You can report numbers on your caller ID received from entities identified as “Rachel” or “Card Services,” which have been a particular problem and are illegally calling people, to www.donotcall.gov or 877-FTC-HELP (877-382-4357), where you can get a live person. The “Rachel” calls might ask about credit-card debt and offer services.
• Registering a number will not stop all calls but will stop most telemarketing that tries to sell a product. If you have a business relationship with them, they are allowed to call you. You can ask to be put on their own Do Not Call list and they must comply.
• Calls made from political organizations, charities and telephone surveyors, or on behalf of them, are permitted.
So that brings me to survey calls and a complaint from a mother of young children who said she received at least four calls after 9 p.m. and as late as 9:30 p.m. in the last month. She was under the impression — as I was — that the Do Not Call rules limited calls to between 8 a.m. and 9 p.m.
But the FTC and FCC say that organizations exempt from the Do Not Call rules, such as political and survey calls, have no time-of-day rules.
One call at 9:17 p.m. was from the Center for Marketing Opinion and Research, an Akron firm that surveys opinions. That call was on behalf of the University of Akron’s Bliss Institute of Applied Politics, working on a project with the Beacon Journal on civility issues.
Michelle Henry, president of the research firm, said the general industry rule is not to call beyond 10 p.m., but her firm and others stop at 9 or 9:30.
Steve Brubaker, chief of staff for InfoCision, a Bath Township company that makes calls on behalf of businesses, charities and politicians, said his firm stays within the 8 a.m.-to-9 p.m. time frame, even if its clients are exempt.
Finding the right time to make phone calls, specifically calls surveying people’s opinions for research and polls, is difficult, Henry said.
“Some people don’t like to be called at dinner, others don’t like to be called during prime-time TV and still others don’t like to be called while putting the kids to bed or after 9, when they may be taking a few minutes after a busy day to relax,” she said.
Henry said for survey and polling calls in particular, it’s an important part of the democratic process.
“This isn’t all bad. Being asked to give your opinion without debate, judgment or disapproval is uncommon and gives us a chance to share what we think about important topics and allows us to take part in public discussions about those issues that shape the future of our communities and the country,” she said.
With that said, Henry has some tips for consumers.

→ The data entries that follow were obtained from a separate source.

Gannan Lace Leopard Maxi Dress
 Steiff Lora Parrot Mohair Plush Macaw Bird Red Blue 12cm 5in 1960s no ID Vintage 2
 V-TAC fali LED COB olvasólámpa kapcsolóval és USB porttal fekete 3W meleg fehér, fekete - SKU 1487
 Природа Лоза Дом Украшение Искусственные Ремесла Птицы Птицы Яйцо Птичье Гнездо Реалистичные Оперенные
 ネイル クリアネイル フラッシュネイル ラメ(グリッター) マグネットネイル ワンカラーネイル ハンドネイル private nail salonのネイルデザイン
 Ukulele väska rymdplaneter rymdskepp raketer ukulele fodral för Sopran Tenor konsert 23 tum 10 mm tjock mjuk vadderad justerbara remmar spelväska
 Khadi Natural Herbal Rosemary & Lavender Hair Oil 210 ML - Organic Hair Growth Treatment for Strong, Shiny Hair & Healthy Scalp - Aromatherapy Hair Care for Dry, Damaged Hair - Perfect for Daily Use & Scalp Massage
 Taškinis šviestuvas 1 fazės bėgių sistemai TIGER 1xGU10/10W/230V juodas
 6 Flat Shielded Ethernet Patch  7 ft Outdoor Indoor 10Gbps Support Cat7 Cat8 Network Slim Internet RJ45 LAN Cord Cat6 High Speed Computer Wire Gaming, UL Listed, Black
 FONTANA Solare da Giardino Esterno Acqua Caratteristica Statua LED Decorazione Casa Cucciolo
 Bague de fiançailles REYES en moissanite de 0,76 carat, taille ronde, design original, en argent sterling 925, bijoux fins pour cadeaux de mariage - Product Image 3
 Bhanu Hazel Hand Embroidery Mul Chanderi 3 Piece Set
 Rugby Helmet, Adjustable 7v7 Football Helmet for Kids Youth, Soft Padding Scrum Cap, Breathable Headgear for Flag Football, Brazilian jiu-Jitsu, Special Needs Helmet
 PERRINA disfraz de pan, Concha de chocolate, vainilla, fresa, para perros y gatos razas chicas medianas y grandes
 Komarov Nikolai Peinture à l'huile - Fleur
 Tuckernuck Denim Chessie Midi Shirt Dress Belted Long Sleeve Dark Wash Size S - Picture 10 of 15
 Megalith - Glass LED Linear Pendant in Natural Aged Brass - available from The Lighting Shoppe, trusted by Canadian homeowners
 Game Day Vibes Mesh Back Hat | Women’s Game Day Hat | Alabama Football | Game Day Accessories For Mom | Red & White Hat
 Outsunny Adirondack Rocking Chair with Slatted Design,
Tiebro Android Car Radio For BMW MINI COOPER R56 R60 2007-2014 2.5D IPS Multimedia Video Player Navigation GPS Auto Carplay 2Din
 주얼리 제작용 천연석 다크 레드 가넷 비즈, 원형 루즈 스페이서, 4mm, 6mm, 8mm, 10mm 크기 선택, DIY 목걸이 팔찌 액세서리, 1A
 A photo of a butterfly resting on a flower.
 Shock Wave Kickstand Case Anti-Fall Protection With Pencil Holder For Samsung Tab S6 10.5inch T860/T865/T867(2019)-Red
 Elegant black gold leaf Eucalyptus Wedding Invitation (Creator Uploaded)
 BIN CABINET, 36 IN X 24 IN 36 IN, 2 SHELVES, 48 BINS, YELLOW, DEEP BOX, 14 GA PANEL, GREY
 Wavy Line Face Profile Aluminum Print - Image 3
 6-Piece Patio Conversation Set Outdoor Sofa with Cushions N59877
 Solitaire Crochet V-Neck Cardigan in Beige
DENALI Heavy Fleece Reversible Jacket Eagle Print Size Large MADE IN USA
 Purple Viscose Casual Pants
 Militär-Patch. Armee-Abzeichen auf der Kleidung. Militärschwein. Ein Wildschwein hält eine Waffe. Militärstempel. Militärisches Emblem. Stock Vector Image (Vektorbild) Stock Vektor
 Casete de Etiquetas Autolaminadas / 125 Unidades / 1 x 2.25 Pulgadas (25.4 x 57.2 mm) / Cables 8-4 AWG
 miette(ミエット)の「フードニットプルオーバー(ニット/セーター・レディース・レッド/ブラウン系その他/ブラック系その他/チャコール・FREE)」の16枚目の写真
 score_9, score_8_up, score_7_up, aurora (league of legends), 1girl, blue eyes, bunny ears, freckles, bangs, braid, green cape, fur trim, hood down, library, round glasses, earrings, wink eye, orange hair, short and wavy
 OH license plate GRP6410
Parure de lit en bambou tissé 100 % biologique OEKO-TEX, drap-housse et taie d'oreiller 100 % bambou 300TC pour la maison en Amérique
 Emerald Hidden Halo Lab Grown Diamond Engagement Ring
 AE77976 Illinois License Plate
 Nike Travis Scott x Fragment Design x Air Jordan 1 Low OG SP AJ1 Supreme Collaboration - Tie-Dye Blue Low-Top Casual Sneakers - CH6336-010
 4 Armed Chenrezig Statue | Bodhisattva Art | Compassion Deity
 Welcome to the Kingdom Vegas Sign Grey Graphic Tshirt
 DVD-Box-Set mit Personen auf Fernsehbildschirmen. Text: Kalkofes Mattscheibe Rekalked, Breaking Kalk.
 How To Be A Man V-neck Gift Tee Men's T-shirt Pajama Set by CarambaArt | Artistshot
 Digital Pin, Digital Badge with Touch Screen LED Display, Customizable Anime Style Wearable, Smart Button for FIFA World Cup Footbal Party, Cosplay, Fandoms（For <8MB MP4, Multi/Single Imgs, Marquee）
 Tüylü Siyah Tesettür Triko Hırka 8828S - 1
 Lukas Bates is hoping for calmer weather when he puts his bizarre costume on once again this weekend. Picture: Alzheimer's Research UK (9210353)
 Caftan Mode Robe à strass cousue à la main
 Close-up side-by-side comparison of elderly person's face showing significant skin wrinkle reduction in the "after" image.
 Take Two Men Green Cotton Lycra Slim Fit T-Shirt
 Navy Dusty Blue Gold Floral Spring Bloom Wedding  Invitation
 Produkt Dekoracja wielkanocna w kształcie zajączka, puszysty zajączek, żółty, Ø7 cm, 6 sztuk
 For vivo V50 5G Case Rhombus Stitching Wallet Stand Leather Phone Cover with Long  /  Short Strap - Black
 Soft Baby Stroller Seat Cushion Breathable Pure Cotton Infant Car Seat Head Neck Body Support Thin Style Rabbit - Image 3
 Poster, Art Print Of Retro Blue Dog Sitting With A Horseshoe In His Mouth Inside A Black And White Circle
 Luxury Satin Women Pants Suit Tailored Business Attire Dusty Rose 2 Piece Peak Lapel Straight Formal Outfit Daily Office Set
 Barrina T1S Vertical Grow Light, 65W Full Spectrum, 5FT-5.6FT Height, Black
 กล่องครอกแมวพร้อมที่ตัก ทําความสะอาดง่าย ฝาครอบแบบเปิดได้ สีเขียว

If you don’t want to participate in the survey, don’t just hang up or tell them you are not interested.
Since it’s important for the quality of the data for different perspectives to be collected, if you don’t specifically tell the person not to call you again, you should expect to get called again, Henry said.
If you want to participate, but it’s a bad time, give the caller a better time to call back.